Message-ID: <4331@lindy.Stanford.EDU>
Date: 14 Aug 89 17:40:28 GMT
Sender: news@lindy.Stanford.EDU (News Service)
Lines: 45

CJ> [Neural nets] are limited in the patterns that they recognize,
CJ> and are stumped by change.
LS>                                      *flame bit set*
LS> Go read about Adaptive Resonance Theory (ART) before making sweeping
LS> and false generalisations of this nature!

CJ> I would have thought stochastic convergence theory more relevant
CJ> than resonance theory.

LS> I refer to "stumped by change", which admittedly is rather
LS> inexact in itself. I am not familiar with "stochastic convergence",
LS> although perhaps there is another name for it?

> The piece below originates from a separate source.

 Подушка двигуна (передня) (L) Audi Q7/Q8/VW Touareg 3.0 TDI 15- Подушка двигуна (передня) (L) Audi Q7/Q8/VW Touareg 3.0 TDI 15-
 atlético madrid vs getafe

In my original message I did clarify this somewhat.  The point is
that neural nets in essence automate Bayesian types of induction
algorithms.  In adapting to change, they only do so according to
statistical/numerical rules that are bounded by their (implicit
or explicit) preprogrammed characterizations and
parameterizations of their inputs.  Thus, a change in the basic
*type* of pattern is beyond their cognition.  Second, a change in
the parameters of patterns they can adaptively recognize is only
implemented over the time it takes for them to make enough
mistakes that the earlier statistics are in effect overwritten.
Third, I do not dispute that the
characterizations/parameterizations of neural nets are complex
enough to provide for "differences" (which could be called
"changes") in individual sets of observations (e.g. differently
shaped letters in optical readers).

Stochastic convergence addresses the rate at which statistical
induction algorithims converge to their asymptotic solutions, if
and when they do.  Given stable input distributions (i.e. no
changes!), convergence has been shown for all but the most
pathalogical kinds of input - but the process nevertheless takes
many observations in many cases.  Adaption does not even begin
until after the first mistaken classification.

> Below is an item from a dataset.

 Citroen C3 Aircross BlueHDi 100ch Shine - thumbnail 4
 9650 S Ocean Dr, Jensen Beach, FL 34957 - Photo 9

Thanks for the reference.  The kind of stochastic convergence
that applies to generic neural net methodologies was worked on by
J. Van Ryzin in the 1960s.  Incidentally, the asymptotic result
is not an approach to certainty of pattern recognition, but an
approach to the minimum attainable probability of
misclassification.  See, e.g., Repetitive Play In Finite
Statistical Games With Unknown Distributions by Van Ryzin, Annals
of Mathematical Statistics, Vol. 37, No. 4, Aug. 1966.